Record set>

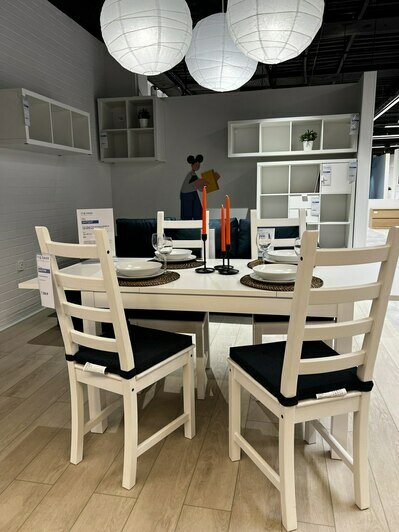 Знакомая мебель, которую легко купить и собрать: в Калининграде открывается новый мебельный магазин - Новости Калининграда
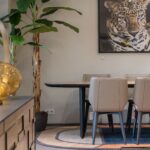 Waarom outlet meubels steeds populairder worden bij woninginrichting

...

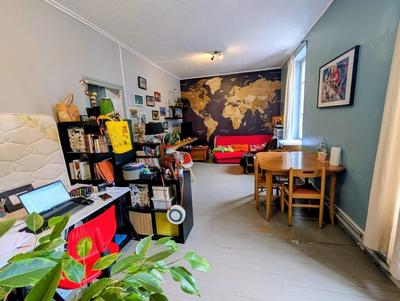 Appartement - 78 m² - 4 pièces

Instructions for the task> For this exercise, set down the lines in the entries above from the one with "Знакомая мебель, которую" through the one with "Waarom outlet meubels" exactly as written, without any pictures.

Finished exercise>
 Знакомая мебель, которую легко купить и собрать: в Калининграде открывается новый мебельный магазин - Новости Калининграда
 Waarom outlet meubels steeds populairder worden bij woninginrichting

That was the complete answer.